National carrier gets licence today, local airlines fault process

The Nigeria Civil Aviation Authority (NCAA) has condemned what it calls the prevalent cases of deceitful departure time scheduling by airlines, warning the erring airlines to desist from the infraction or face dire regulatory actions.

The Acting Director General, Civil Aviation, Nigeria, Captain Chris Najomo, while declaring this on Tuesday at the Authority’s corporate headquarters in Abuja, said the NCAA now runs a zero-tolerance approach to regulatory infractions.

Speaking through the NCAA Director of Public Affairs and Consumer Protection, Mr. Michael Achimugu, the acting DG warned the airlines to desist from the infraction or face dire regulatory actions.

“He made the ease of doing business the crux of his action plan for the NCAA. In line with that action plan, he has made processes for licensing easy for operators. The time to secure AOC is now shorter and less cumbersome than it used to be in the past,” he stated.

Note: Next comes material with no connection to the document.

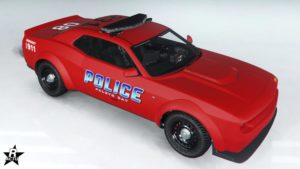 Le motif "LSPD (Paleto Bay) présent sur la carrosserie de la voiture de police Bravado Gauntlet Interceptor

“The NCAA therefore expects reciprocity from airlines. Chief of which is world-class services to passengers.

Najomo said that if the NCAA is making doing business easier for operators, the operators must satisfy the passengers too with superior services.

He said, “It has come to our notice that some airlines are being reported for advertising deceitful departure times. The NCAA regulation says no airline shall display deceitful passenger departure time at its counter, advert material, or on its website.

“We want to make it very clear that the DGCA has directed monitoring and offenders will face serious regulatory actions.”

According to him, the Authority believes in safety, discipline, and economic regulation which is evidenced in the recent suspension of ten PNCF holders for failing to comply with the recertification advisory issued in April 2024.

He indicated that whilst the NCAA supports airlines to be profitable because of their critical value to the economy, it is important passengers are treated fairly.

Speaking about the ease of doing business environment at the NCAA, Capt. Najomo said the ease of business is an area the Authority will continue to improve.